I also know from my work in the executive branch that we’ve all bemoaned the interagency process. But there’s something to be said for bringing all sides of an issue together around the table and looking at it through many different facets. And I feel like this just doesn’t really happen on Capitol Hill. Further down the road you might have leadership pull together the different committees of jurisdiction to have a conversation. But this is not happening at the sausage-making stage in which you’re actually putting pen to paper, and you really miss out on a lot of the nuance.
We’ve seen this with legislation that continues to be introduced. There are definitely pushes and pulls on cyber legislation as well as other pieces kind of running through. I think it’s important to understand the national security and economic implications of any given issue. There’s not only one way to move forward on something; it’s important to have all the voices in the room to help ensure the best piece of legislation is going to move forward at the end of the day.
Jim Lewis, it seems like the message here is that we’re not super coordinated on cyber. Do our foreign adversaries take advantage of this?

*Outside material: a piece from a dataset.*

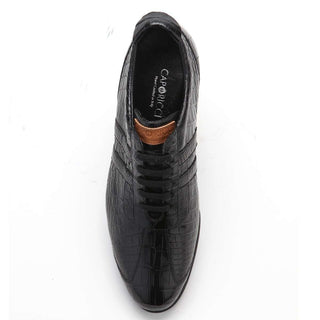 Caporicci Men's Luxury Italian Shoes Black Alligator Sneakers ART9412 (CAP1044)-AmbrogioShoes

Jim Lewis: Foreign governments are especially interested in how the White House’s executive order will affect them. But the key to the executive order is the dark secret of our information technology industry: that a lot of the software is flawed. We’ve also seen a tension between competitiveness and security. If you open up markets to some extent, you’re making it easier to inject malware.
I guess the good news is that Americans now know more about cybersecurity than before. But the public discussion remains driven a lot by over-the-top journalism. How do you develop a comprehensive strategy based on bad public data? How do you get that public discussion that Jim Dempsey, Sujit, and Diane were calling for when it’s misinformed?
So there’s a lot of work to do here, and part of that will be reaching rapprochement with our allies. That needs to be rebuilt; it’s a source of strength. Part of it will be figuring out how we reach some understanding with our opponents that are strongly persuaded the US is incompetent, if not senile. I say this after having discussions with both Russian and Chinese government colleagues in the last few months. That’s one reason why deterrence doesn’t work. If nobody’s afraid of you, they’re not going to be deterred. So how do we reverse that international opinion? How do we get, maybe, some of the issues we rightfully didn’t act on earlier in legislation a little further on?
Jim Lewis: I think that’s a false contrast. Norms say we’re going to regularize cyber operations by putting them under the umbrella of international or humanitarian law — the laws that govern armed conflict. And so norms provide a framework for responsive state action. Do you need to do more? Yes, you need to think about how to create accountability, and offense may be part of that. But it’s better to see this as a continuum rather than one or the other. You have norms so that you can then say, as a law-abiding state, “You are transgressing these norms, and I have the right under international law — that you’ve agreed to — to impose consequences.”